DIRECTIONS ::
With both ends included, repeat exactly the lines of the entries below from the one containing "the Oval Office" down to the one containing "A stunning red", and no others.

RECORDS FOR PROCESSING ::
----
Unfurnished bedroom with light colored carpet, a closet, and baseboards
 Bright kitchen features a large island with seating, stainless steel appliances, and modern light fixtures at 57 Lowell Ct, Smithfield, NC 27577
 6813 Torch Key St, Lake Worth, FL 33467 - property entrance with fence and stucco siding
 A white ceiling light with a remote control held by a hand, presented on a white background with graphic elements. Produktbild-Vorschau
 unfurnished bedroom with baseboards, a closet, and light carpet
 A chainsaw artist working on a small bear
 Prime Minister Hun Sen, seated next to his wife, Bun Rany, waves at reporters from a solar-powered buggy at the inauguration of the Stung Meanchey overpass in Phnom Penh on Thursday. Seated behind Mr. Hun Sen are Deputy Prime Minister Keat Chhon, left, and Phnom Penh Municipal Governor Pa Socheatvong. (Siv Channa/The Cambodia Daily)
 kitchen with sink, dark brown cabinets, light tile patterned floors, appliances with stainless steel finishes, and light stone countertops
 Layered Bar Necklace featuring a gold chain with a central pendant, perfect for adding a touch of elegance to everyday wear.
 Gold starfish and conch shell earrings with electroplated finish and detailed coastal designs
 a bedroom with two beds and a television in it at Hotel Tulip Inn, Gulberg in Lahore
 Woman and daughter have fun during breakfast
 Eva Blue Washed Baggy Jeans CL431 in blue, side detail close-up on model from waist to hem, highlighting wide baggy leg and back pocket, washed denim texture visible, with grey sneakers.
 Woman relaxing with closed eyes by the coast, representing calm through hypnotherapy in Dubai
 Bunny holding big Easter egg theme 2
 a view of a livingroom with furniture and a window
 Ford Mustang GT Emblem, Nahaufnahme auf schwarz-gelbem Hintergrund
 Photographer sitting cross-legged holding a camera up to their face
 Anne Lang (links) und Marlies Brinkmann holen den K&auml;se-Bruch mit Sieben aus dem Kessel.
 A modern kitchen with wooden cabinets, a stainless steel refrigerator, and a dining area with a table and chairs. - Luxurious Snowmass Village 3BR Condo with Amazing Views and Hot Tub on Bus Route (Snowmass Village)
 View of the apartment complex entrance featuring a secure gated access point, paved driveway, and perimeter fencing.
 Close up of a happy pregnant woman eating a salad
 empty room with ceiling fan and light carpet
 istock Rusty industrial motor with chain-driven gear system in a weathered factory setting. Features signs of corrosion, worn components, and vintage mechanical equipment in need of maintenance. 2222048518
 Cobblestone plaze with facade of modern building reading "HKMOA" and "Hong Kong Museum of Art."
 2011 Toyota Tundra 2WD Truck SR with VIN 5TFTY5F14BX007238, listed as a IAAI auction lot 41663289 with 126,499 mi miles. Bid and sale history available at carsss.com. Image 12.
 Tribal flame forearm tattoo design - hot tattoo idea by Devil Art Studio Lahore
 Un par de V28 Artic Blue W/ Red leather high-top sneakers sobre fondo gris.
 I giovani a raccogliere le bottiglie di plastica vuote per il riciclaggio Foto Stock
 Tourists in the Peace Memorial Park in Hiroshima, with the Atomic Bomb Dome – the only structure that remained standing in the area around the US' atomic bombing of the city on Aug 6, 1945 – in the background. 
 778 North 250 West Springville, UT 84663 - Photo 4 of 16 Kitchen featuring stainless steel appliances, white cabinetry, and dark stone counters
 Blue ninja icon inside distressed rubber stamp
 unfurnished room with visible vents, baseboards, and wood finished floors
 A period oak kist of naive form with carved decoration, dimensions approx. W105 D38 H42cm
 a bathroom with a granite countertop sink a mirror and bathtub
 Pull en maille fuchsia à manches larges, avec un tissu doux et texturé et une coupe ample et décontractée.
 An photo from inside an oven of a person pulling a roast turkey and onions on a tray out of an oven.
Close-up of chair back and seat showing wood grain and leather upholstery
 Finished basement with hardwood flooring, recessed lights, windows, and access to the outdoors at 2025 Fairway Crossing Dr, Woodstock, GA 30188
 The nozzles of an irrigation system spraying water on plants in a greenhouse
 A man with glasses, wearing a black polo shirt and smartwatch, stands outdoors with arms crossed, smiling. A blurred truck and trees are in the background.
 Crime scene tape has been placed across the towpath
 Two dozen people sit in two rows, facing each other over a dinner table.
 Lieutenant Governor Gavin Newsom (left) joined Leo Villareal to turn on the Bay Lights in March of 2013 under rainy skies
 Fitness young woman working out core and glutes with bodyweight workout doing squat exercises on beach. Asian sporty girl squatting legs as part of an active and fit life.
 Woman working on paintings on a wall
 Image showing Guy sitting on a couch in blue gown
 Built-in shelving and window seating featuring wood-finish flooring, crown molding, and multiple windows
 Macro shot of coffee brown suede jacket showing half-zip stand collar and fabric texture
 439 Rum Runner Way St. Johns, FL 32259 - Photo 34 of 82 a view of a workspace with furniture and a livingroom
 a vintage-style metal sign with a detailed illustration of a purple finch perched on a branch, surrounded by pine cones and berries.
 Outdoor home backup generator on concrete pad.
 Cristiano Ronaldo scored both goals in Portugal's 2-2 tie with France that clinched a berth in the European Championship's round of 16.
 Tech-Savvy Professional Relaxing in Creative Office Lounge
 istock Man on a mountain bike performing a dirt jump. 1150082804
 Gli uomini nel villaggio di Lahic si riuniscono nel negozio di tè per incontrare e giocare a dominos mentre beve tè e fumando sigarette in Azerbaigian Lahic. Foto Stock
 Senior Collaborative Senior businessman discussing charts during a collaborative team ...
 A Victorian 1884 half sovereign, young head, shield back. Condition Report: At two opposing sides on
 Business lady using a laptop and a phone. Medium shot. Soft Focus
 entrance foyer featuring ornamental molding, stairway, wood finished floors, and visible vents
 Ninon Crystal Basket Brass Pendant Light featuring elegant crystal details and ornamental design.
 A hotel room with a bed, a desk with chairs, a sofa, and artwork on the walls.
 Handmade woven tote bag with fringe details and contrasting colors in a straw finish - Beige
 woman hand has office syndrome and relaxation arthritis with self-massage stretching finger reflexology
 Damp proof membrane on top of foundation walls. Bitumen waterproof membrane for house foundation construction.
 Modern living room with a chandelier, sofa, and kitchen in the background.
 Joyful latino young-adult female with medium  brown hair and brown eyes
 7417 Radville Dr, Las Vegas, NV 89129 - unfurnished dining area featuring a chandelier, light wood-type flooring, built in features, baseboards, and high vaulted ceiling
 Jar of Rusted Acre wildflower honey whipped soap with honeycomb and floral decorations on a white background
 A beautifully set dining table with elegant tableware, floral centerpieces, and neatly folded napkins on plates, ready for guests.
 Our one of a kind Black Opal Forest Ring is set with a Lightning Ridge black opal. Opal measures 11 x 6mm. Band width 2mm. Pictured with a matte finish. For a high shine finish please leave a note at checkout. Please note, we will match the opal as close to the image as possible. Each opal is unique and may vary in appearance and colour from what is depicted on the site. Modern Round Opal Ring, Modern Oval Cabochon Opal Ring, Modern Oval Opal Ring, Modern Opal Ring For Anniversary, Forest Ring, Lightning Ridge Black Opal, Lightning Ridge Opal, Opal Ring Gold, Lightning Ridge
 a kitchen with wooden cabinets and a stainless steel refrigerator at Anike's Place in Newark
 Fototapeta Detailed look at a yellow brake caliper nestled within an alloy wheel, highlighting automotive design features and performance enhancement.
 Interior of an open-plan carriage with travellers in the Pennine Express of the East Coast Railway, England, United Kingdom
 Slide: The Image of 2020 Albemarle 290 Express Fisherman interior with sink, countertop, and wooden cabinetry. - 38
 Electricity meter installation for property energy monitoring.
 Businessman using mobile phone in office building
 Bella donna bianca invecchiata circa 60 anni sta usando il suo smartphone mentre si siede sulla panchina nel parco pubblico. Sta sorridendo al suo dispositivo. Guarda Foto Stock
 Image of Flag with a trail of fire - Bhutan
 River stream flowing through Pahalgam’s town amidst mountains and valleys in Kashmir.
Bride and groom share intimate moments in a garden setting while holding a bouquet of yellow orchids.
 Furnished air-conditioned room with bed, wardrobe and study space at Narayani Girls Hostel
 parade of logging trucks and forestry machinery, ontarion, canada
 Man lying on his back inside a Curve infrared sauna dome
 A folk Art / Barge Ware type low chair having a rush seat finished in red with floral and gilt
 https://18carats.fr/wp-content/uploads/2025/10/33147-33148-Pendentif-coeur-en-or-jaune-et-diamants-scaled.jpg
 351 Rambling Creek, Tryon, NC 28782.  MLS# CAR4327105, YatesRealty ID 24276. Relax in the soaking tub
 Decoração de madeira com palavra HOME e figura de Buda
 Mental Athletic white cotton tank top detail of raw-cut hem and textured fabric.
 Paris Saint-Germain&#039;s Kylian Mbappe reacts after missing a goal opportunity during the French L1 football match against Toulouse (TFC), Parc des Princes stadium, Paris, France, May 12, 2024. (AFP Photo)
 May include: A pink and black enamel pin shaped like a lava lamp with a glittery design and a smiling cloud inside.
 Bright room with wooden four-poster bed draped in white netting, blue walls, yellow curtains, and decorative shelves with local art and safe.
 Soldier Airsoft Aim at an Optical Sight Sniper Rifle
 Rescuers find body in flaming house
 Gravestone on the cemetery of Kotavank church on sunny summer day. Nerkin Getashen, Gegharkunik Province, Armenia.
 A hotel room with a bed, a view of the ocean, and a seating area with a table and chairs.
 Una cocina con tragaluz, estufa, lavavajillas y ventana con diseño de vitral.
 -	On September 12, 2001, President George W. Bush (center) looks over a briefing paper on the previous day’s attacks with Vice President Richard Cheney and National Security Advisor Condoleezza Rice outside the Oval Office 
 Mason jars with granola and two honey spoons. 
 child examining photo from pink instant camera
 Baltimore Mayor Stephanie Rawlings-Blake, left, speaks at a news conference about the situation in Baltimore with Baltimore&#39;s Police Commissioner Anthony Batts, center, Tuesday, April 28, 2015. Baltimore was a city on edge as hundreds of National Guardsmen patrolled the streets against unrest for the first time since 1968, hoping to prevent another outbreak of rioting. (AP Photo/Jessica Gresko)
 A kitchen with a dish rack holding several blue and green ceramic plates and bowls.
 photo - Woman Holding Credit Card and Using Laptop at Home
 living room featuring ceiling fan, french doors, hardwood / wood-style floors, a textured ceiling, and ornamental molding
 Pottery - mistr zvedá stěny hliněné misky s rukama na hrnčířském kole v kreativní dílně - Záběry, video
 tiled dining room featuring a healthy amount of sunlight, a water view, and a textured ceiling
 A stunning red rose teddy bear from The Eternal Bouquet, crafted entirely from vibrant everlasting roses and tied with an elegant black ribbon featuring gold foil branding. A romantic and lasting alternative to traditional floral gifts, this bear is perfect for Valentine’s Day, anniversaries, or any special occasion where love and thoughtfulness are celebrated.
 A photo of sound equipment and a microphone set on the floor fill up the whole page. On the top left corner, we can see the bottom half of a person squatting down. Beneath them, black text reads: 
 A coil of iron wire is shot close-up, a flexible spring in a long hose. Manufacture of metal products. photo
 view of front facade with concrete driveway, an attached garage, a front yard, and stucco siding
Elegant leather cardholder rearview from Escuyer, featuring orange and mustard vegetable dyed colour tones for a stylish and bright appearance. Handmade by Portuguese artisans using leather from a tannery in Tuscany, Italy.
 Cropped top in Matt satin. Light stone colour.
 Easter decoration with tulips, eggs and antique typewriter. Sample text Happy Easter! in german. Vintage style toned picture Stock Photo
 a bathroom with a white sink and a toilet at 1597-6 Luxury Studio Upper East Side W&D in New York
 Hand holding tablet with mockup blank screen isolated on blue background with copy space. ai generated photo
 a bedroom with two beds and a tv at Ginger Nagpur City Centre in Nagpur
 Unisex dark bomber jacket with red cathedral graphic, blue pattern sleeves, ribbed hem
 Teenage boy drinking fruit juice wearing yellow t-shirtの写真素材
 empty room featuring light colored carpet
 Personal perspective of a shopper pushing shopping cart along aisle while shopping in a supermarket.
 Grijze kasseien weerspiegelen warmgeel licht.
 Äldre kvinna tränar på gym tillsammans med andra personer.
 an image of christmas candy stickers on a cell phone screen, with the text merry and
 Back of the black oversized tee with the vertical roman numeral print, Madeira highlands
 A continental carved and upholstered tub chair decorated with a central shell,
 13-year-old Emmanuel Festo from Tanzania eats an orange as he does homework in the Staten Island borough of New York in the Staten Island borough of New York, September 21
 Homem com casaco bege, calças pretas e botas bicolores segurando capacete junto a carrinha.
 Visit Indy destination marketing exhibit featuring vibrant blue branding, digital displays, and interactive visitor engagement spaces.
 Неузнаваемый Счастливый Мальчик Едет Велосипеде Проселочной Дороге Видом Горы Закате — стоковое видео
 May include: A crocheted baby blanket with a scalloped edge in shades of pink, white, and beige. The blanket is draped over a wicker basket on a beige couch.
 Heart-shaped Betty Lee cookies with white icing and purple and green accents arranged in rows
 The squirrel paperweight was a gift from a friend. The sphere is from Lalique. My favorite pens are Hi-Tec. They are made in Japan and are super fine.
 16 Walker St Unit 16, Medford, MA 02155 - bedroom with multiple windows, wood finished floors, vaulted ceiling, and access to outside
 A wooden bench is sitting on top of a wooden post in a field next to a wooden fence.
----
OUTPUT OF THE TASK ::
 -	On September 12, 2001, President George W. Bush (center) looks over a briefing paper on the previous day’s attacks with Vice President Richard Cheney and National Security Advisor Condoleezza Rice outside the Oval Office 
 Mason jars with granola and two honey spoons. 
 child examining photo from pink instant camera
 Baltimore Mayor Stephanie Rawlings-Blake, left, speaks at a news conference about the situation in Baltimore with Baltimore&#39;s Police Commissioner Anthony Batts, center, Tuesday, April 28, 2015. Baltimore was a city on edge as hundreds of National Guardsmen patrolled the streets against unrest for the first time since 1968, hoping to prevent another outbreak of rioting. (AP Photo/Jessica Gresko)
 A kitchen with a dish rack holding several blue and green ceramic plates and bowls.
 photo - Woman Holding Credit Card and Using Laptop at Home
 living room featuring ceiling fan, french doors, hardwood / wood-style floors, a textured ceiling, and ornamental molding
 Pottery - mistr zvedá stěny hliněné misky s rukama na hrnčířském kole v kreativní dílně - Záběry, video
 tiled dining room featuring a healthy amount of sunlight, a water view, and a textured ceiling
 A stunning red rose teddy bear from The Eternal Bouquet, crafted entirely from vibrant everlasting roses and tied with an elegant black ribbon featuring gold foil branding. A romantic and lasting alternative to traditional floral gifts, this bear is perfect for Valentine’s Day, anniversaries, or any special occasion where love and thoughtfulness are celebrated.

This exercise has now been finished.